Le poète a mis en place une figure appositive sous la forme « BA », dans l’intention de mettre en valeur le comparant antéposé, « les vers luisants », d’autant plus que le comparé, « les étoiles », semble mentionné uniquement pour éclaircir l’image. Par ailleurs, grâce à l’adjectif « luisants » et ce rapport figuré avec la « nuit », dotée à son tour de « voiles » et de parfum, les « vers-étoiles » deviennent le symbole de la beauté nocturne, parée de lumières. Dans cette optique, nous pouvons dire que la métaphore aragonienne est loin d’être une image arbitraire, puisque nous réussissons le plus souvent à l’interpréter et lui trouver un sens acceptable.

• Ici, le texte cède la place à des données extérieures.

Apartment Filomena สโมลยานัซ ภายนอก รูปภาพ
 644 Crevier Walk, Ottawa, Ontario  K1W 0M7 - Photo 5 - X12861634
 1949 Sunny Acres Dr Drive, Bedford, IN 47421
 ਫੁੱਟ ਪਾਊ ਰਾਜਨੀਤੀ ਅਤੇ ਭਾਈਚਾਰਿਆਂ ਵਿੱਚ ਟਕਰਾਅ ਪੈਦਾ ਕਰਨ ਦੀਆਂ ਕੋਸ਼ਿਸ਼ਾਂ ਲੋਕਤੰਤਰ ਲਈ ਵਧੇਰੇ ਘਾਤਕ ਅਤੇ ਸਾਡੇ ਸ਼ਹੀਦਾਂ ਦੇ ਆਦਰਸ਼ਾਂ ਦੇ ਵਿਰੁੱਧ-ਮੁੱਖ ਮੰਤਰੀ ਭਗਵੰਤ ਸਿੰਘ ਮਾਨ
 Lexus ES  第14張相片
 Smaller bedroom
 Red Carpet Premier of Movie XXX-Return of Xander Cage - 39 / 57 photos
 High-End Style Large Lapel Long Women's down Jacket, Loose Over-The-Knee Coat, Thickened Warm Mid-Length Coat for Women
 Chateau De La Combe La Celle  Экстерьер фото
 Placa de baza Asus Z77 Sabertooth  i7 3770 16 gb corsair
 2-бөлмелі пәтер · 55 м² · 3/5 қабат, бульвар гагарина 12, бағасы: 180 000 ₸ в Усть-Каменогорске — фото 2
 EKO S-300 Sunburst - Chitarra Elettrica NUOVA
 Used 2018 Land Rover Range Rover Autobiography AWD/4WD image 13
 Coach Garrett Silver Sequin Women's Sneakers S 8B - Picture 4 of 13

Toutefois, outre la correspondance analogique sur laquelle reposent aussi bien le symbole que la métaphore, les deux entités présentent un certain nombre de différence que M. Le Guern met en évidence sous la forme d’un système binaire :

‘En fait, la différence essentielle entre le symbole et la métaphore consiste dans la fonction que chacun des deux mécanismes attribue à la représentation mentale qui correspond au signifié habituel du mot utilisé, et que l’on pourra désigner commodément par le terme d’image. Dans la construction symbolique, la perception de l’image est nécessaire à la saisie de l’information logique contenue dans le message […] Au contraire, dans la métaphore, cet intermédiaire n’est pas nécessaire à la transmission de l’information ; à ce niveau, on n’utilise pas le signifié global du mot employé mais seulement les éléments de ce signifié qui sont compatibles avec le contexte. Alors que l’image symbolique doit être saisie intellectuellement pour que le message puisse être interprété, l’image métaphorique n’intervient pas dans la texture logique de l’énoncé, dont le contenu d’information pourra être dégagé sans le secours de cette représentation mentale. Par opposition à l’image symbolique qui est nécessairement intellectualisée, l’image métaphorique pourra ne s’adresser qu’à l’imagination ou à la sensibilité. 560

Notes
553.

A. BRETON, Manifestes du surréalisme, Paris, Pauvert 1962, p.51.

554.

C. DETRIE, Du sens dans le processus métaphorique, Paris, Champion 2001, p.80.

555.

Connotation : l’ensemble des systèmes signifiants que l’on peut déceler dans un texte outre la dénotation.

556.

Dénotation : le contenu d’information logique du langage, l’ensemble des éléments du langage qui seraient éventuellement traduisible dans une autre langue naturelle par une machine à traduire

557.

M. LE GUERN, Sémantique de la métaphore et de la métonymie, Paris, Larousse 1973, p.20.

558.

J. FISETTE, Pour une pragmatique de la signification, XYZ éditeur, Montréal 1996, p.203.

559.

H. MORIER, Dictionnaire de poétique et de rhétorique, Paris, PUF 1998, p.705.

560.

M. LE GUERN, Sémantique de la métaphore et de la métonymie, Paris, Larousse 2973, pp.43-44.